Carcinogenesis, Mutagenesis, And Impairment Of Fertility
Itraconazole showed no evidence of carcinogenicity potential in mice treated orally for 23 months at dosage levels up to 80 mg/kg/day (approximately 10 times the maximum recommended human dose [MRHD]). Male rats treated with 25 mg/kg/day (3.1 times the MRHD) had a slightly increased incidence of soft tissue sarcoma. These sarcomas may have been a consequence of hypercholesterolemia, which is a response of rats, but not dogs or humans, to chronic itraconazole administration. Female rats treated with 50 mg/kg/day (6.25 times the MRHD) had an increased incidence of squamous cell carcinoma of the lung (2/50) as compared to the untreated group. Although the occurrence of squamous cell carcinoma in the lung is extremely uncommon in untreated rats, the increase in this study was not statistically significant.

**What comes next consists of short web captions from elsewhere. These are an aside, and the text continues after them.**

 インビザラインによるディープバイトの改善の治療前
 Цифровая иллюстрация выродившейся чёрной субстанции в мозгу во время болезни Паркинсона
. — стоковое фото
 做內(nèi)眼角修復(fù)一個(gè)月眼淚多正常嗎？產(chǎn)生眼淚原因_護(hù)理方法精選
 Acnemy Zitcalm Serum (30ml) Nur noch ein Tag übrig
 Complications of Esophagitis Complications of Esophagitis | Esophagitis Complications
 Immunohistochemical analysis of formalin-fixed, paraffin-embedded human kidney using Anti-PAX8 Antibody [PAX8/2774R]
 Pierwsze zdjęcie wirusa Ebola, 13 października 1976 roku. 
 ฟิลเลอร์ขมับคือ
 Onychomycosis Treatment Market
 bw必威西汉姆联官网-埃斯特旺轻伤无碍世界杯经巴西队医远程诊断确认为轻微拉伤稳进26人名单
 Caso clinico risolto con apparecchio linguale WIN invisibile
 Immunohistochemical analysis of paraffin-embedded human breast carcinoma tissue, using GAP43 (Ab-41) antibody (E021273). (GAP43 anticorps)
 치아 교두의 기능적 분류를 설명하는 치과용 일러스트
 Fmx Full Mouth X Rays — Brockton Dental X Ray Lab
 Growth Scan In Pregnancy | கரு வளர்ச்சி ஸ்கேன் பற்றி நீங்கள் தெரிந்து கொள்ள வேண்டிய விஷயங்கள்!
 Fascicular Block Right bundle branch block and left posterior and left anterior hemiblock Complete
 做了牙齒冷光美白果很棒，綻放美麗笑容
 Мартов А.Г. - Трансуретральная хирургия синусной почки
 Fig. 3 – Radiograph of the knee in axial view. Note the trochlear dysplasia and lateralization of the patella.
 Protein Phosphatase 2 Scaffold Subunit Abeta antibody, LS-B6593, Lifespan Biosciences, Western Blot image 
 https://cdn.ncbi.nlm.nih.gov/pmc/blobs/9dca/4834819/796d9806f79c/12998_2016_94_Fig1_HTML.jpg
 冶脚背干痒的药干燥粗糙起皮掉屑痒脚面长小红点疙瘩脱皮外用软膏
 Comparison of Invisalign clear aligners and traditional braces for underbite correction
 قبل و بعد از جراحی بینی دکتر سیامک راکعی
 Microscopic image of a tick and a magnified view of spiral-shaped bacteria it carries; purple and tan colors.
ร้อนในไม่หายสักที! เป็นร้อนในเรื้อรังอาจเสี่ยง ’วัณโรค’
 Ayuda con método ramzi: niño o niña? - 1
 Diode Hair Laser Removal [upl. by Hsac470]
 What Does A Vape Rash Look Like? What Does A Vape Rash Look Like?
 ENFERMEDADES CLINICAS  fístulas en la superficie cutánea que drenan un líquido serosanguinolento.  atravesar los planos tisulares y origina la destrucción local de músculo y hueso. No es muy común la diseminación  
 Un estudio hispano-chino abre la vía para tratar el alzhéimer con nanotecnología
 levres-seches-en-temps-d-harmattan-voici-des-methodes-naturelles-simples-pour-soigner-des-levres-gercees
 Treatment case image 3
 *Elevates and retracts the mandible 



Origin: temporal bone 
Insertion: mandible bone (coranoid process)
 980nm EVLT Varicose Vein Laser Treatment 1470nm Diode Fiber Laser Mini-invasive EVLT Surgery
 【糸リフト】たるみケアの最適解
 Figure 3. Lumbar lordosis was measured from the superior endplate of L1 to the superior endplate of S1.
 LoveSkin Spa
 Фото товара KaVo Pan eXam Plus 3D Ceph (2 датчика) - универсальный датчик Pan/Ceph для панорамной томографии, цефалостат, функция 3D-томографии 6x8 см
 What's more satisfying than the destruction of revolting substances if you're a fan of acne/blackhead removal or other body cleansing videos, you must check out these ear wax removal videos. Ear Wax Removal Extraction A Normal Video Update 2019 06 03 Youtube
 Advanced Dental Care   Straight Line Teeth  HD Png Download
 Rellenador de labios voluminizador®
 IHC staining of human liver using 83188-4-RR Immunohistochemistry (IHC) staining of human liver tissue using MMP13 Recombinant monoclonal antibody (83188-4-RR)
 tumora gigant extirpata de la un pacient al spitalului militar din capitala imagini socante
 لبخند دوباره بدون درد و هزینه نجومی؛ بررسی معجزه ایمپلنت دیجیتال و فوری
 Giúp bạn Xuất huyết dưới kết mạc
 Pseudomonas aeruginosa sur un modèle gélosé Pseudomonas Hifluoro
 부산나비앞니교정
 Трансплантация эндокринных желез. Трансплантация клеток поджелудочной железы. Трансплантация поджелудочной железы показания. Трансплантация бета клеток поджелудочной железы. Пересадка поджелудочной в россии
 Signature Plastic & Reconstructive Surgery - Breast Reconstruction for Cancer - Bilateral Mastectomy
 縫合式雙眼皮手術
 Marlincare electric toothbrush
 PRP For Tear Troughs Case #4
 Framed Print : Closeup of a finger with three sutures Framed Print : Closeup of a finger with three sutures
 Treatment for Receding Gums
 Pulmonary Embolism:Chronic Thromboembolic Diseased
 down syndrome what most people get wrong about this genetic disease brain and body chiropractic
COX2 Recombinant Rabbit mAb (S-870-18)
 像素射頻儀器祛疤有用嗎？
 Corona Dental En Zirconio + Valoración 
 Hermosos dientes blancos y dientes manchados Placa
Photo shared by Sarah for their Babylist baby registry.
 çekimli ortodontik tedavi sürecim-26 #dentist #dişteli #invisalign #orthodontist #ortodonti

Itraconazole produced no mutagenic effects when assayed in DNA repair test (unscheduled DNA synthesis) in primary rat hepatocytes, in Ames tests with Salmonella typhimurium (6 strains) and Escherichia coli, in the mouse lymphoma gene mutation tests, in a sex-linked recessive lethal mutation (Drosophila melanogaster) test, in chromosome aberration tests in human lymphocytes, in a cell transformation test with C3H/10T½ C18 mouse embryo fibroblasts cells, in a dominant lethal mutation test in male and female mice, and in micronucleus tests in mice and rats.
Itraconazole did not affect the fertility of male or female rats treated orally with dosage levels of up to 40 mg/kg/day (5 times the MRHD), even though parental toxicity was present at this dosage level. More severe signs of parental toxicity, including death, were present in the next higher dosage level, 160 mg/kg/day (20 times the MRHD).
Pregnancy
Teratogenic Effects
Itraconazole was found to cause a dose-related increase in maternal toxicity, embryotoxicity, and teratogenicity in rats at dosage levels of approximately 40-160 mg/kg/day (5-20 times the MRHD), and in mice at dosage levels of approximately 80 mg/kg/day (10 times the MRHD). Itraconazole has been shown to cross the placenta in a rat model. In rats, the teratogenicity consisted of major skeletal defects; in mice, it consisted of encephaloceles and/or macroglossia.
There are no studies in pregnant women. SPORANOX® should be used for the treatment of systemic fungal infections in pregnancy only if the benefit outweighs the potential risk.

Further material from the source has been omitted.